5) Pelajaran tentang berbagai jenis dan tanggung jawab sebagai anak beru Bage pe nandangi kam kerina anak beru rikut anak beru si pemeren (Begitu juga kepada semua anak beru beserta anak beru si pemeren) Anak beru menteri singukuri

(Anak beru menteri singukuri) Kam me kerina ciken kami enteguh (Kalian lah tongkat kami yang kuat)

Maka tatanga ndu dage kami kerina kalimbubu ndu (Maka pandang lah kami semua kalimbubu kamu) Maka ula juru ula kemalun

(Supaya jangan terhina dan jangan memalukan)
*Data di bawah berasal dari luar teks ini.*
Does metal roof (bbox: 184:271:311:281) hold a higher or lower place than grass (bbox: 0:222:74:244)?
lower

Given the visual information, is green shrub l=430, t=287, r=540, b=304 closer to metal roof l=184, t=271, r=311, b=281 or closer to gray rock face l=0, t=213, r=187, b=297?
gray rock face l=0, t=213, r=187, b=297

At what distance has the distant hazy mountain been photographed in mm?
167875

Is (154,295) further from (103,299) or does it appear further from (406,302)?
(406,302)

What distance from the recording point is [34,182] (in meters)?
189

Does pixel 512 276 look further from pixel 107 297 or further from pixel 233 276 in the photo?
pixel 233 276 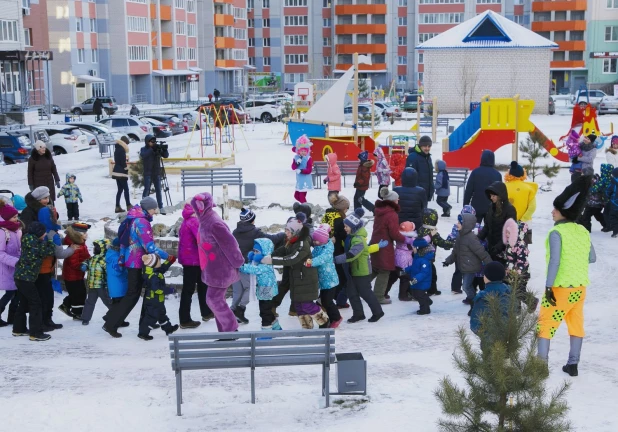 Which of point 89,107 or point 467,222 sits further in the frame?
point 89,107

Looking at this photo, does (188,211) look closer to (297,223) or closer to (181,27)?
(297,223)

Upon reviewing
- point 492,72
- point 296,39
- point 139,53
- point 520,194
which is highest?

5.3.2.10 Fungsi sebagai sarana penerimaan sumbangan

Fungsi musik sebagai sarana penerima sumbangan sudah menjadi kenyataan yang selalu terjadi dalam upacara pekawinan pada masyarakat Karo.

Fungsi ini terjadi dengan cara menyuruh kedua pengantin menari dan secara

bergantian bernyanyi, yang disebut adu pengantin. Biasanya yang pertama bernyanyi adalah pengantin laki-laki. Pada saat pengantin laki-laki bernyanyi maka semua sukut keluarga pengantin laki-laki serta semua kaum kerbat memberi sumbangan kepada kedua pengantin.

Pemimpin upacara atau anak beru si ngerana dari keluarga pengantin laki-laki mengatur agar semua pemberi sumbangan yang mulai daripada sukut senina dan kalimbubu. Pada bagian kedua yang memberi sumbangan anak beru. Hal yang sama juga terjadi pada pihak keluarga pengantin perempuan.

Menelusuri mulanya hal ini terjadi, tidak terlepas dari sejak masuknya kibot menjadi alat musik yang dipakai dalam memainkan lagu-lagu pop Karo, sekitar menjelang pertengahan tahun 1990-an. Pada masa itu anak beru dari pihak laki-laki harus mempersiapkan konsumsi untuk semua keperluan upacara perkawian. Oleh sebab itu mereka memerlukan sarana hiburan. Sehingga mereka secara suka rela menyumbang agar ada pembayaran untuk menyewa kibot dan pemainnya. Walaupun pada mulanya ada pro kontra dari masyarakat Karo, kenyataannya tetap berlangsung.

Pada akhir tahun 1990-an sumbangan semancam ini mengalami perkembangan yang pesat. Kalau pada awalnya hanya untuk membantu yang ada.